Problem details.
In the entries that follow, find the line containing "Читаем сами 5-6 лет", then output exactly every line from the first through that one.

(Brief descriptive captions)
____________________
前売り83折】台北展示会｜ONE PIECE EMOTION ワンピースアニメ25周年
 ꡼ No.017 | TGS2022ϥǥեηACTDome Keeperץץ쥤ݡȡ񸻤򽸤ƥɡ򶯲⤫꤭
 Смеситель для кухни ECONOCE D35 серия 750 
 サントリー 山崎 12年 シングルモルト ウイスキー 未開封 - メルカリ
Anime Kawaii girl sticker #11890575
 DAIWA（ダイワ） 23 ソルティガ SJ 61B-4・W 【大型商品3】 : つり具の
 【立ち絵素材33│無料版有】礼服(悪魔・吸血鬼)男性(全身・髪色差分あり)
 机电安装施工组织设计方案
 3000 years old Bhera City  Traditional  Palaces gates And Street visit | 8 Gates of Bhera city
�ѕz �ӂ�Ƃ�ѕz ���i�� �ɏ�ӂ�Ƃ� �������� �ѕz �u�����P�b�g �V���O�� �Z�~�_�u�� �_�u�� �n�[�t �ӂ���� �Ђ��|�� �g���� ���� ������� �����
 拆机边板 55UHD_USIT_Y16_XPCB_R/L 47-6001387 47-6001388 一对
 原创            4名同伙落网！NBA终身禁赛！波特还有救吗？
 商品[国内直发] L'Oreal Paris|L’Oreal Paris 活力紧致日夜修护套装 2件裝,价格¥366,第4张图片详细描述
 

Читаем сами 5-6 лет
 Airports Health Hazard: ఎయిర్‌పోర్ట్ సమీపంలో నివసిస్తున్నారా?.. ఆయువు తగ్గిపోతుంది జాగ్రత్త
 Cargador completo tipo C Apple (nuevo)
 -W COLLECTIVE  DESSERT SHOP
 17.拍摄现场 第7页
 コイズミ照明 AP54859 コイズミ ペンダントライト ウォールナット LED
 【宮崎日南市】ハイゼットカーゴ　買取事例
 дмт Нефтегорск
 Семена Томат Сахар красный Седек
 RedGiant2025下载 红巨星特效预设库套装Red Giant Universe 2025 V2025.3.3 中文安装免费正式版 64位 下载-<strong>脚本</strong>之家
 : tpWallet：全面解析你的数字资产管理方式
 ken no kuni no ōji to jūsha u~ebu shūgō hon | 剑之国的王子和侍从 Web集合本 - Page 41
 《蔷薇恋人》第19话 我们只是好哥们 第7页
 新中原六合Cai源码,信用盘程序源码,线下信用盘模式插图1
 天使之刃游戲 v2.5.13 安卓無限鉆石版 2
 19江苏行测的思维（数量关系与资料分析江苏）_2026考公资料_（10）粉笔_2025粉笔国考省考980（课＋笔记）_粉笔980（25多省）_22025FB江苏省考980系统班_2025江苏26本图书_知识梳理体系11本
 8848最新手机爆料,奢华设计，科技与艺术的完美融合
____________________
Your solution.
前売り83折】台北展示会｜ONE PIECE EMOTION ワンピースアニメ25周年
 ꡼ No.017 | TGS2022ϥǥեηACTDome Keeperץץ쥤ݡȡ񸻤򽸤ƥɡ򶯲⤫꤭
 Смеситель для кухни ECONOCE D35 серия 750 
 サントリー 山崎 12年 シングルモルト ウイスキー 未開封 - メルカリ
Anime Kawaii girl sticker #11890575
 DAIWA（ダイワ） 23 ソルティガ SJ 61B-4・W 【大型商品3】 : つり具の
 【立ち絵素材33│無料版有】礼服(悪魔・吸血鬼)男性(全身・髪色差分あり)
 机电安装施工组织设计方案
 3000 years old Bhera City  Traditional  Palaces gates And Street visit | 8 Gates of Bhera city
�ѕz �ӂ�Ƃ�ѕz ���i�� �ɏ�ӂ�Ƃ� �������� �ѕz �u�����P�b�g �V���O�� �Z�~�_�u�� �_�u�� �n�[�t �ӂ���� �Ђ��|�� �g���� ���� ������� �����
 拆机边板 55UHD_USIT_Y16_XPCB_R/L 47-6001387 47-6001388 一对
 原创            4名同伙落网！NBA终身禁赛！波特还有救吗？
 商品[国内直发] L'Oreal Paris|L’Oreal Paris 活力紧致日夜修护套装 2件裝,价格¥366,第4张图片详细描述
 

Читаем сами 5-6 лет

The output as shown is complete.